С развернутыми комментариями к докладу выступили И. В. Ершова и В. С. Макаров.
И. В. Ершова сообщила, что в двух томах «Истории Испании» Альфонса Мудрого (XIII в.) нашелся один контекст, близкий к контексту Новгородской летописи, - слова разумного рыцаря, предлагающего пойти на уступки, чтобы спасти людей: «Нам не следует избегать подобного шага [умилостивить мавров], потому что в битве человек часто теряет тело и душу, которые не купишь ни за золото, ни за серебро, ни за что на свете. Кроме того, мавры многочисленны, хорошо вооружены, а нас мало и нам недостает оружия. Если по грехам нашим мы не одержим победу, то все погибнем. По этой причине уклониться от этой битвы при помощи обещания платежа я почитаю лучшим из того, что мы могли бы сделать, если мои слова неразумны, прошу простить меня». Что же касается пеших и конных, то в «Истории Испании» пеших никогда не бросают, что является одним из способов героизации, как и в рассмотренном фрагменте русской летописи. Интересно было бы посмотреть, как это соотносится с реальным историческим материалом, поскольку, например, у Альфонса Мудрого действия конницы и пехоты чётко регламентировались для каждой конкретной ситуации.

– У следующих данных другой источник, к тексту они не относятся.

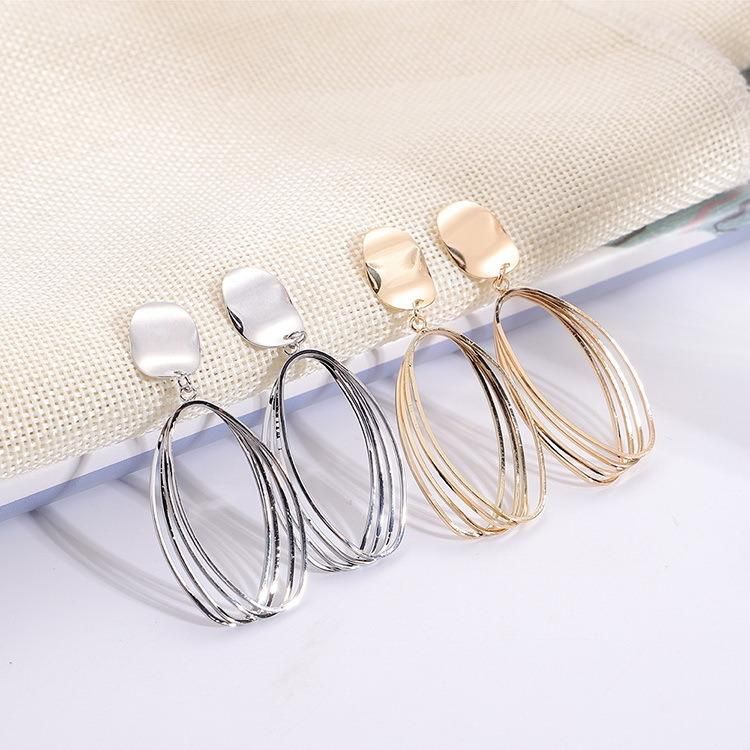 Fashion Jewelry Elegant Big Circle Metal Geometry Oval Long Stud Earrings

По мнению В. С. Макарова, «доклад П. В. Лукина — прекрасный пример не раскритикованного еще А. Н. Веселовским “набега” нелитературоведа на литературу, а напротив, чрезвычайно аккуратного и тщательного подхода, уважающего целостность литературного текста». В. С. Макаров отметил, что такой текст, как «“Смерть Артура” Томаса Мэлори уже сам по себе соединяет риторичность и особую сюжетность рыцарского романа с опытом участника гражданской войны (в данном случае — войн Роз), поэтому в нем видны швы, соединяющие эти два пласта, но разделить их полностью нельзя. Поэтому В. С. Макаров счел важным дополнить выводы докладчика «некоторым значимым контекстом романа Мэлори. Так, в сцене, когда лорды уговаривают сэра Гарета (Бомена) не убивать Красного рыцаря Красного поля, в дополнение к мотиву признания, что его смерть ничего не решит, важно соблюдение рыцарской морали: поверженный сэр Айронсайд должен принести вассальную клятву и признать своим сеньором Артура, а затем компенсировать нанесенный ущерб (make amends) — как в морально-религиозном, так, вероятно, и в финансовом плане.
В эпизоде, когда 11 королей обсуждают, как им бросить пехоту в лесу и атаковать исключительно силами конных рыцарей, интересно, что само слово “footman”, кроме “воина-пехотинца”, означало еще и “слугу”. Мерлин, ведя армию на помощь Артуру в той же книге романа Мэлори, также оставляет пехотинцев на берегу, переправляясь в Британию с континента. Силами мобильных рыцарских войск решаются важные битвы, превращаясь при этом в цепь столкновений отдельных героев. В этом Мэлори ближе к условности рыцарского романа, чем к реальным военным стратегиям рыцарского периода».